O blog do Leandro Alves

As pessoas são todas umas bisbilhoteiras.  Falam dos vizinhos, falam dos amigos pelas costas, espiam a vida dos outros.  O jornaleiro, o dono da padaria, o cobrador do ônibus, o marido da vizinha, o professor do colégio — ninguém escapa deste prazer humano de falar da vida dos outros.  Pode ser falar bem, mas também falar mal. Algumas pessoas são como eu, transformam tudo em crônicas.

Leandro Alves

Conversas de lotação

 

 

 

Conversas de lotação

Leandro Alves

O carnaval passou, mas, para quem pensa que a alegria da folia se foi de vez, levou tinta.
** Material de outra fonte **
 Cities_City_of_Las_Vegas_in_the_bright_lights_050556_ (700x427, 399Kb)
Da folia de fevereiro para cá, começo a olhar a cidade com outros olhos. Como ando de ônibus, às vezes simplesmente desligo o celular, fecho as páginas do meu livro, presto atenção para olhar a vida e os outros ao meu redor.
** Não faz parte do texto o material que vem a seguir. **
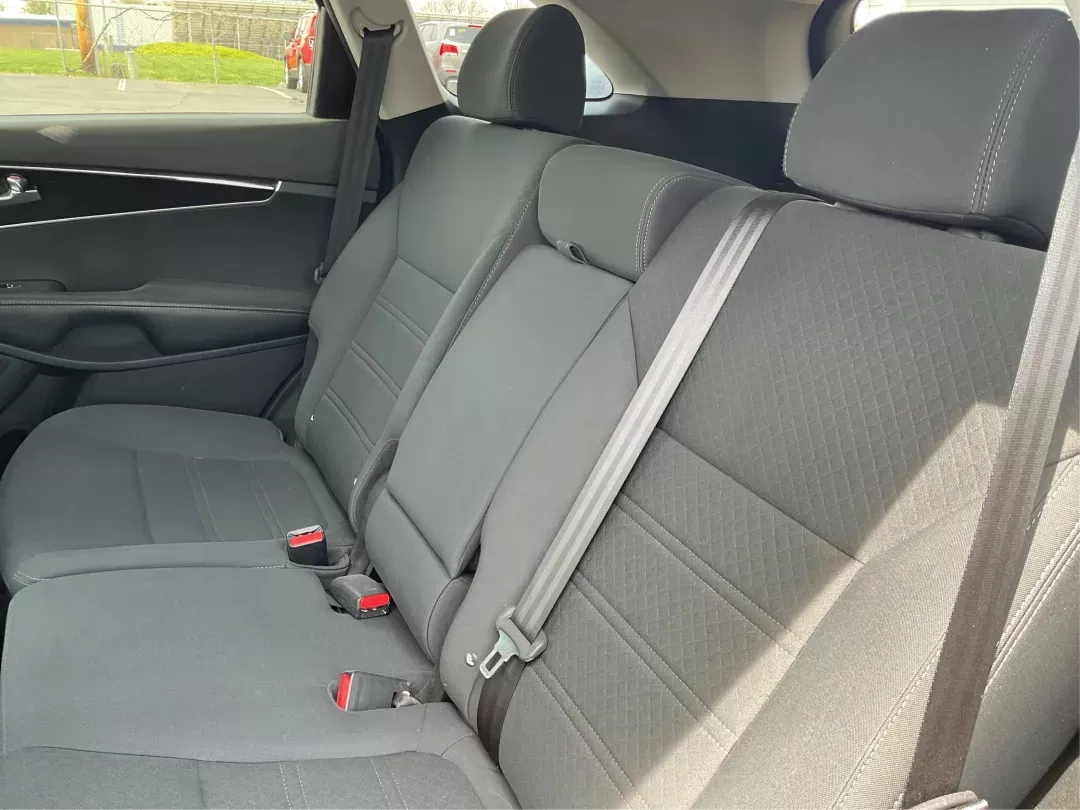 2016 Kia Sorento 2.4L LX (5XYPGDA33GG) with an 2.4L I-4 gasoline direct injection engine, located at 1184 Kauffman Ave, Fairborn, OH, 45324, (937) 908-9800, 39.807072, -84.030914 - 2016 Kia Sorento 2.4L LX - Photo#10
Mire e veja: muita gente voltou a conversar no ônibus como antes. Os passageiros entram, deixam o celular de lado, olham um pro outro e simplesmente conversam. Gente que não se conhece, inclusive.

Em fevereiro deste ano, os foliões deitaram e rolaram. Passavam glitem, pintavam os olhos, homens de saia, mulheres de policiais ou diabinhas, homem vestido de freira. Antigamente havia dois grupos no centro de Belo Horizonte: os rabugentos que iam trabalhar reclamando de altereções no trânsito e os foiliões com aquela alegria assanhada no rosto.

Este ano, não. Professores, ambulantes, açougueiros, vendedores de bala. Todos tinham a alegria como efeito colateral dos bloquinhos.

“Meu carnaval foi pulando dentro do açougue”, disse um homem ali na rua dos Tupis quando eu voltava para casa de tardinha, lá pelas seis da tarde, na segunda-feira de carnaval.

Em março ninguém mais fala da folia, mas ela deixou marcas.

Porteiros conversam animadamente antes de trabalhar, colegas de escola, vizinhas de porta. Se a gente pensar que todo mundo estava com o celular na mão há bem pouco tempo atrás, parece que muita gente andou enjoando do aparelhinho.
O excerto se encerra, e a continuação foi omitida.